An American admiral launched an almost perfect carrier attack on Pearl Harbor during an exercise in 1932. Still, the military failed to learn its lesson, allowing the Japanese to launch almost exactly the same attack 9 years later.
Rear Adm. Harry E. Yarnell was an early proponent of aircraft carriers, but his displays of air power were discounted by most of the admiralty.
The aircraft was invented in 1903, and the military began exploring its use in combat almost immediately. But different military branches from different nations moved at different speeds, and many navies considered planes nothing more than observation platforms.

In World War I, pilots bombed enemy targets by throwing munitions from their planes, but aerial bombing was still considered a stunt by many, and the U.S. Navy brass was convinced that airplanes weren’t a threat to their capital ships.
Between the wars, aviation pioneers tried to convince the Navy and Army of the importance of planes in the next war. Army Gen. William “Billy” Mitchell had some success in 1921 when his men sank the captured German battleship Ostrfriesland in a test.
Eleven years later, Yarnell was given command of the attacking force in an annual exercise to test the U.S. defenses at Pearl Harbor, Hawaii. The defenders were sure that he, like all of his predecessors, would launch his attack using his battleships and cruisers.
Instead, he turned to his carriers.
Yarnell ordered his cruisers to remain near San Diego in complete radio silence. At the same time, his two carriers, the USS Lexington and USS Saratoga, proceeded to Pearl Harbor with three destroyer escorts inside a massive rainstorm that hid them from enemy observers and radar.
On the morning of Sunday, Feb. 7, 1932, the attacking fleet was in position, and Battleship Row was essentially asleep, just like it would be on Dec. 7, 1941. And, except for Japan’s use of modified torpedoes and the size of the respective fleets, the attacks were nearly mirrors of one another.

The fighters took off first, F-4Bs. They launched strafing runs against the defenders’ fighters, barracks, and other assets, keeping them from taking off. Behind them, flights of BM-1 dive bombers dropped flares and bags of flour that simulated bombs, “destroying” every single battleship and many of the other vessels.
Like the Japanese, Yarnell attacked from the northeast and, like the Japanese, he attacked in the wee hours of a Sunday morning.

The referees of the exercise declared Yarnell the clear winner, but later reversed their decision after Pearl Harbor admirals and generals complained that Yarnell had acted unfairly.
Their complaints included that Sunday morning was an “inappropriate” time for an attack and that “everyone knew that Asians lacked sufficient hand-eye coordination to engage in that kind of precision bombing,” according to Military.com.

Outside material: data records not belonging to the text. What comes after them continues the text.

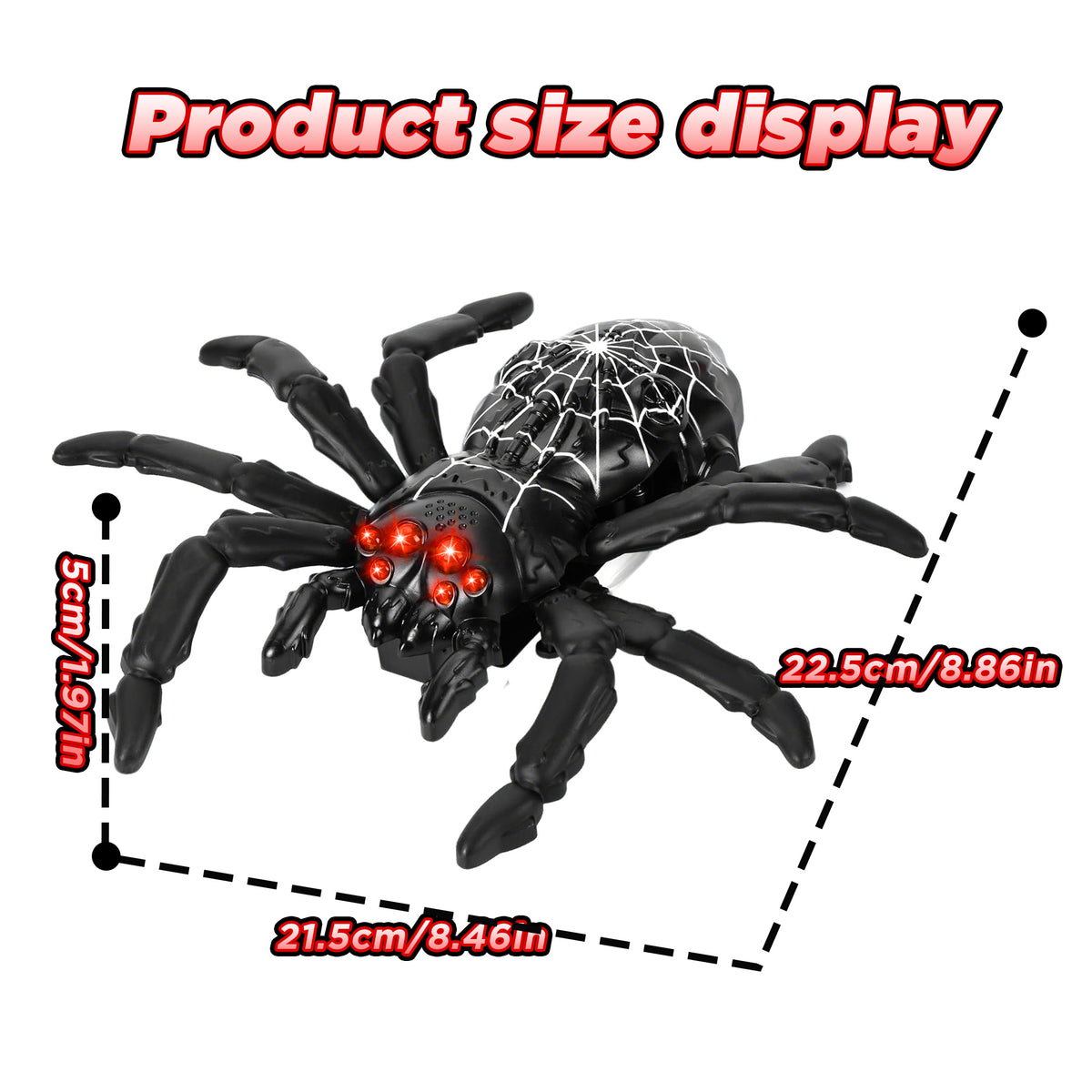 KOPPOP RC Wall Climbing Spider Toy, Rechargeable Remote Control Robot with Vacuum Suction, 360° Rotation, Wall & Ground Crawling, Gift for 3+ Year Old Boys Girls,BLACK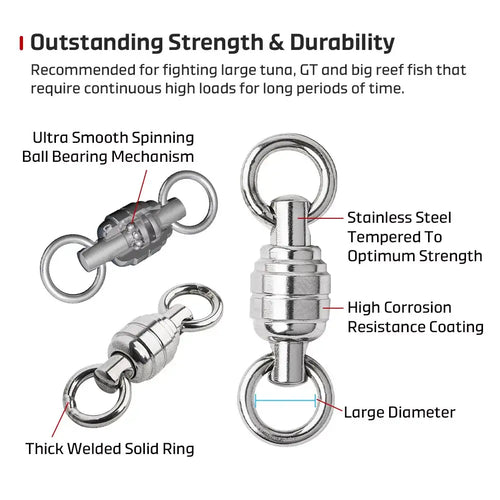 Stainless steel swivel assembly with thick welded solid rings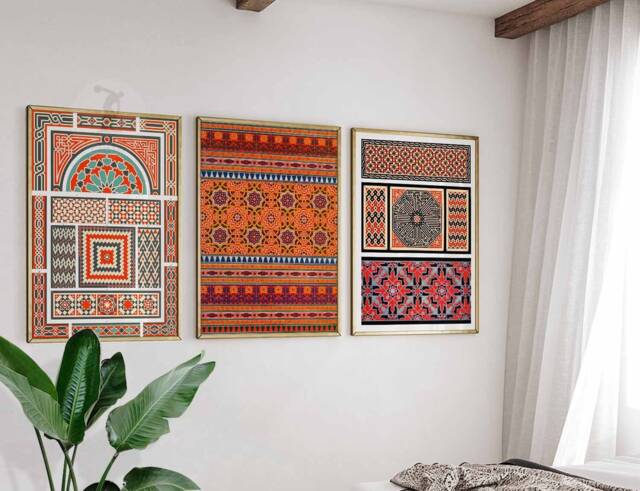 Set Of 3 Arabic Prints, Islamic Wall Art, Decor, Middle Eastern Mughal Arab Gift - image 1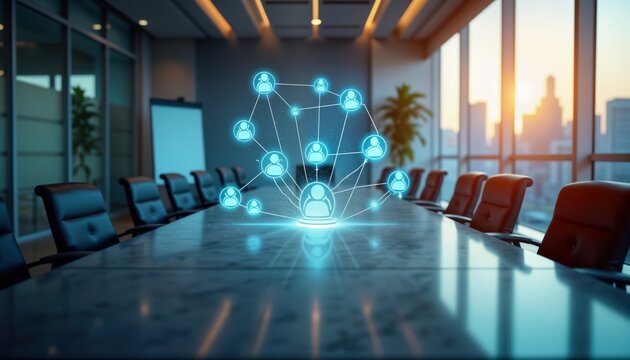 Boardroom setting shows digital network of connected people. Meeting governance icons on table. Business teamwork, management concept. Modern company setting. Directors, consultants buy photo for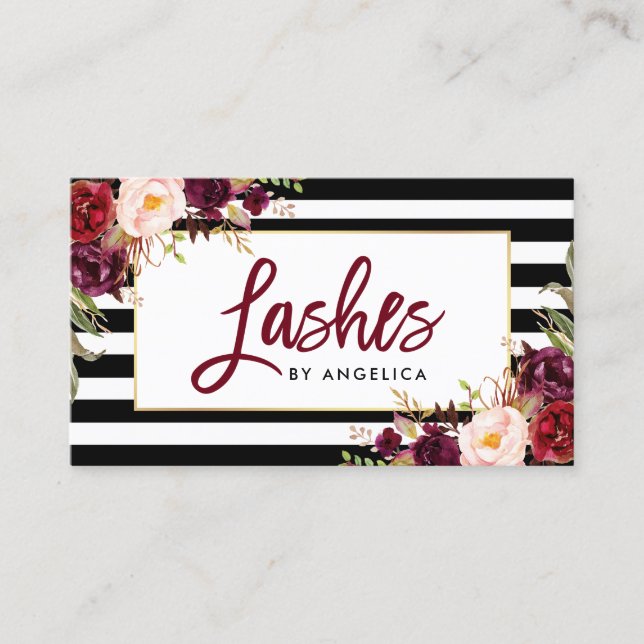Carte De Visite Brush Script Floral Bourgogne Lashes (Devant)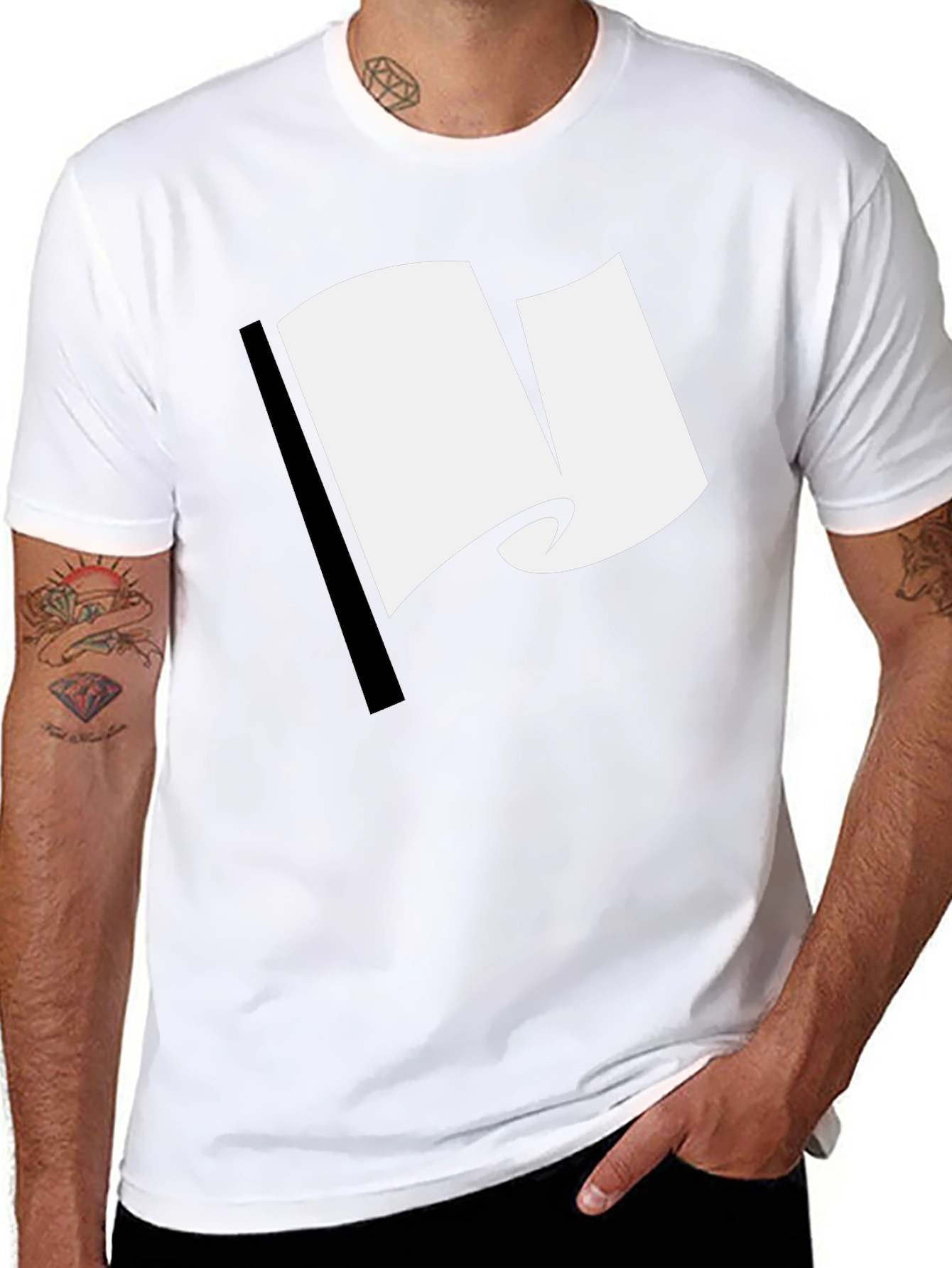 Minimalist White Flag Graphic Black T-Shirt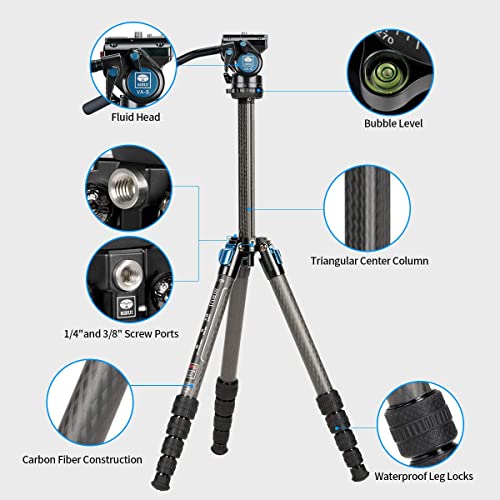 image for SIRUI ST-125+VA-5 Carbon Fiber Tripod with Fluid Video Head, Triangula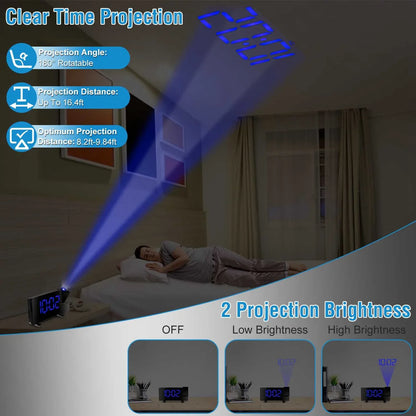 1Pc Projection Alarm Clock With Radio Function Curved Screen LED Digital Alarm Clock With Dual Alarms 4 Dimmer 12-24 Hour USB Charging Port 180Degree Rotatable Projection - THE MILE MAKER DRIVER SHOP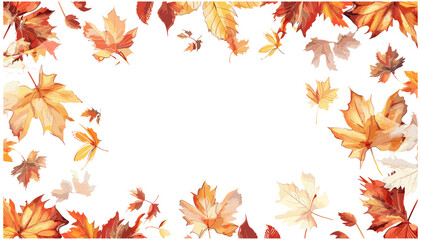 Isolated vector autumnal leaves frame, fall foliage background, seasonal leaf border, nature frame with autumn leaves, elegant autumn frame, red and orange leaves, fall decoration frame,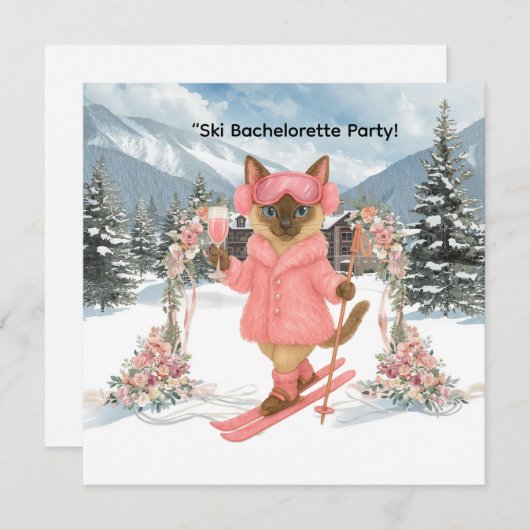 Invitation Ski pour la mariée sur la pente Bachelorette Party (Devant / Derrière)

Good ol’ racism, stopping military preparedness. The Japanese, meanwhile, had naval officers at their consulate on Oahu who witnessed the exercise and read the press coverage that followed, allowing them to report on it to their superiors almost 10 years before Japan launched its own attack.
The bulk of the U.S. military refused to accept the result, just like many of them refused to accept the result of Mitchell’s bombing of the German battleship. In 1941, average sailors and soldiers paid the price for their hubris.